Judging Climate Change

A Comparative Legal and Political Analysis of the KlimaSeniorinnen Schweiz and the Urgenda Cases


  • Lyne Schuppisser


Climate Change Litigation, Urgenda, KlimaSeniorinnen, Comparative Law, Comparative Politics


Since global and national political efforts to tackle climate change are failing, climate change litigation is on the rise worldwide. In climate change litigation, claimants try to legally advance climate protection in manifold ways. In particular, strategic, rights-based climate change litigation is becoming more common in which claimants use a human rights-based approach in their attempt to advance social change. While a rights-based claim filed by Urgenda in the Netherlands succeeded, a similar Swiss case brought by KlimaSeniorinnen Schweiz, failed. Why did the two cases have different outcomes despite the similarity of the cases and the countries? This paper seeks an answer by comparing the legal and political systems of the countries as well as by conducting expert interviews.
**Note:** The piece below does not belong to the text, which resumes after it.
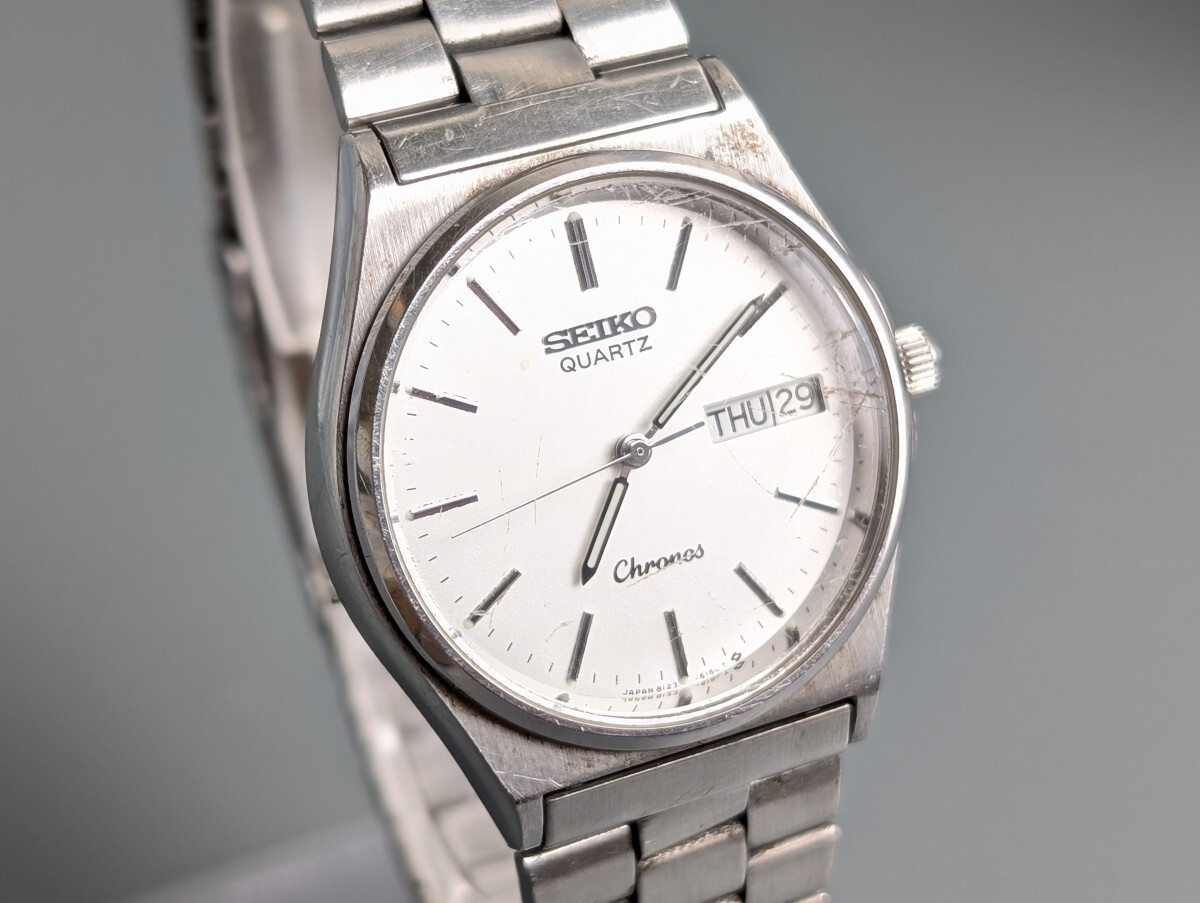 SEIKO セイコー CHRONOS クロノス 8123-6130 シルバー文字盤 デイデイト クォーツ QZ メンズ 腕時計 アンティーク RU-384G/018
In sum, the Urgenda and KlimaSeniorinnen cases differed because Dutch law has more generous procedural rules about the admissibility of claims than Swiss law. Furthermore, the Swiss highest court is more hesitant to engage in politically controversial questions compared to the Dutch highest court.


Lyne Schuppisser

After completing her M.A. in European Global Studies in 2022, Lyne Schuppisser started an internship in 2023 within the cantonal administration of Aargau, where she works for the specialist department of sustainability. She supports the specialist department with the task of monitoring and implementing the Agenda 2030 for sustainable development as well as creating public awareness for sustainability.